Tobias: Corny ist relativ neu am Schlagzeug. Wie hat sich die Dynamik in der Band dadurch verändert?

Björn Pettersson: Corny ist zwar neu in der Band, aber ein alter Freund. Wir trafen uns vor 15 Jahren bei einem Festival in Italien, haben dort spontan zusammen gesungen – seitdem sind wir Freunde. Er bringt einen anderen Vibe mit: ein unglaublich musikalischer Drummer, aber auch mit Punk-Energie. Dadurch haben die neuen Songs mehr Lebendigkeit und neue Nuancen bekommen.

Tobias: Viele sagen, euer Wechselspiel aus Growls und Clean Vocals ist eine eurer größten Stärken – ich stimme zu.

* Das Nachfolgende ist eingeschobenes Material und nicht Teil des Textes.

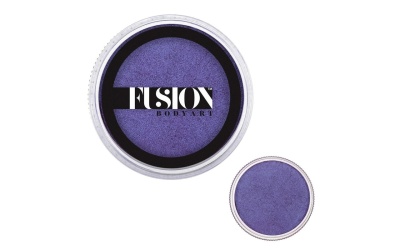 fusion-body-art-face-paints-pear_11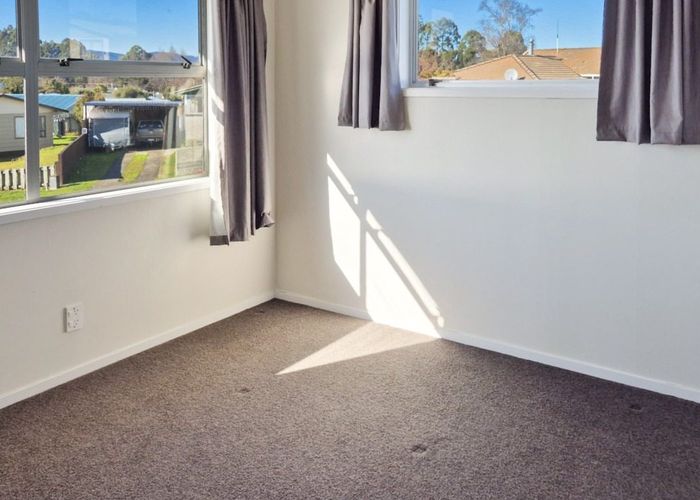  at 3 Sapphire Place, Pukehangi, Rotorua, Bay Of Plenty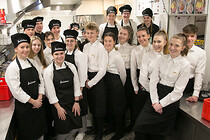 015IMG_0001.jpg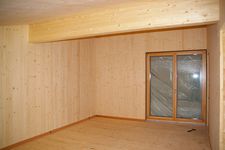 NUR-HOLZ House in North Rhine-Westphalia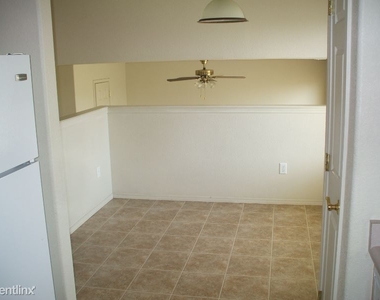 3928 Pronghorn Ln. - Photo Thumbnail 10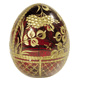 Oeuf de Fabergé Oeuf de Fabergé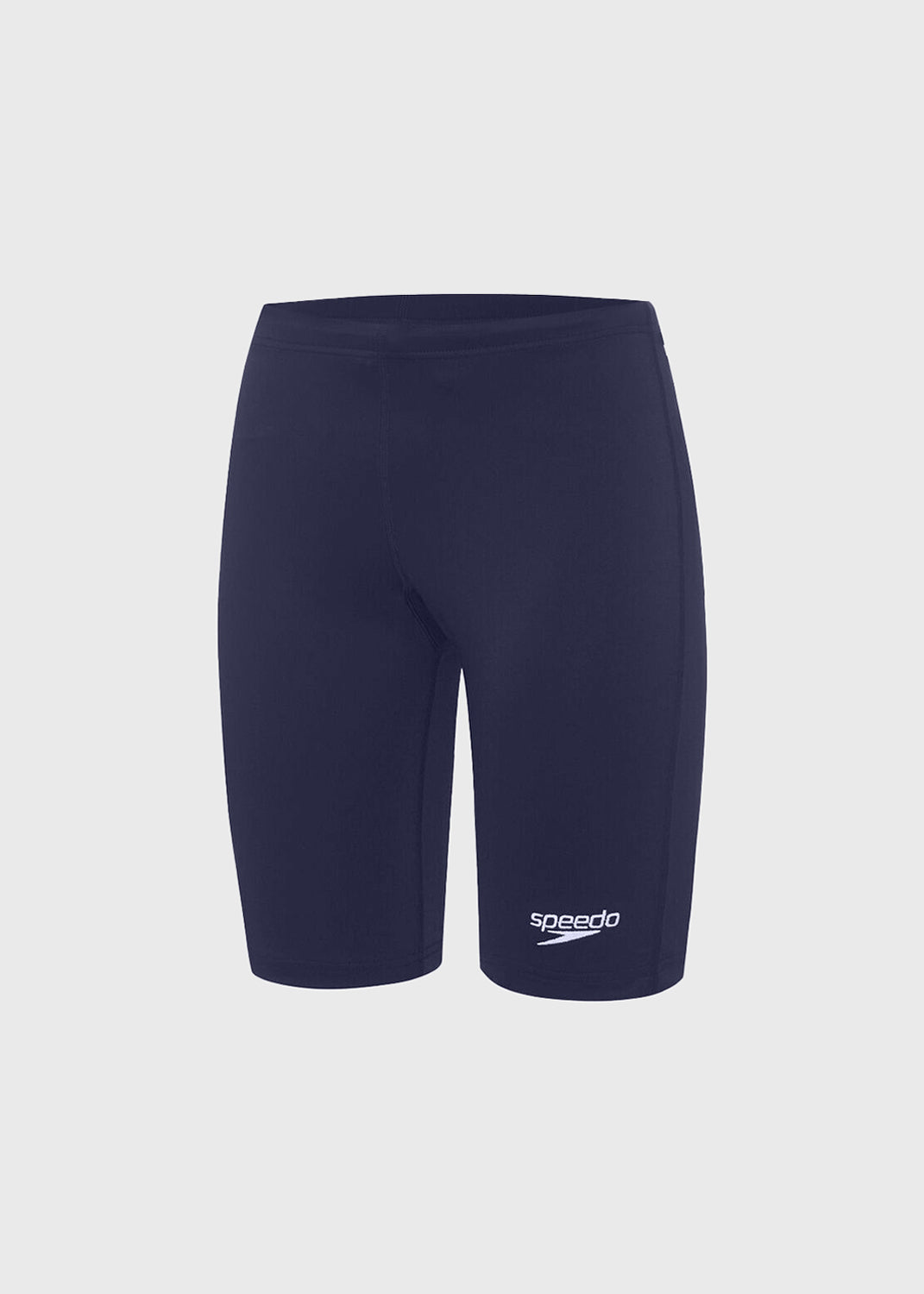 Unisex Endurance+ Jammer - Navy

Wie entwickelt ihr dieses Gleichgewicht im Songwriting?

Björn Pettersson: Inzwischen brauchen wir beides – sie sind essentiell. Meistens kommt die Balance von Tobias, aber oft ergibt sich von selbst, welche Stimme am besten passt. Manchmal braucht es mehrere Versuche, aber am Ende geht es darum, was sich richtig anfühlt.

Tobias: Was kommt nach dem Release – Tour, Festivals, vielleicht schon neue Ideen? Werden wir euch in Deutschland sehen?

Björn Pettersson: Zuerst Touren! Diesen Sommer haben wir schon einige Festivals gespielt und neue Songs ausprobiert. Nächstes Jahr geht’s weiter – wir spielen auf der 70.000 Tons of Metal-Cruise in den USA und dann eine EU-Tour mit unseren Freunden von Omnium Gatherum und Fallujah. Und ja: mehrere Termine in Deutschland sind dabei.

Tobias: Vielen Dank für das Gespräch und nochmals Glückwunsch zu “The Immortal”! Zum Abschluss: Welche Botschaft möchtest du euren Fans mitgeben – und vielleicht auch denen, die euch mit diesem Album zum ersten Mal hören?

Björn Pettersson: Ein sehr aufrichtiges, großes Dankeschön an alle, die sich Zeit nehmen, in unsere Musik einzutauchen. Wir sagen das so oft wir können – wir sind unglaublich dankbar dafür. Passt auf euch auf, und: Heavy Metal all night long!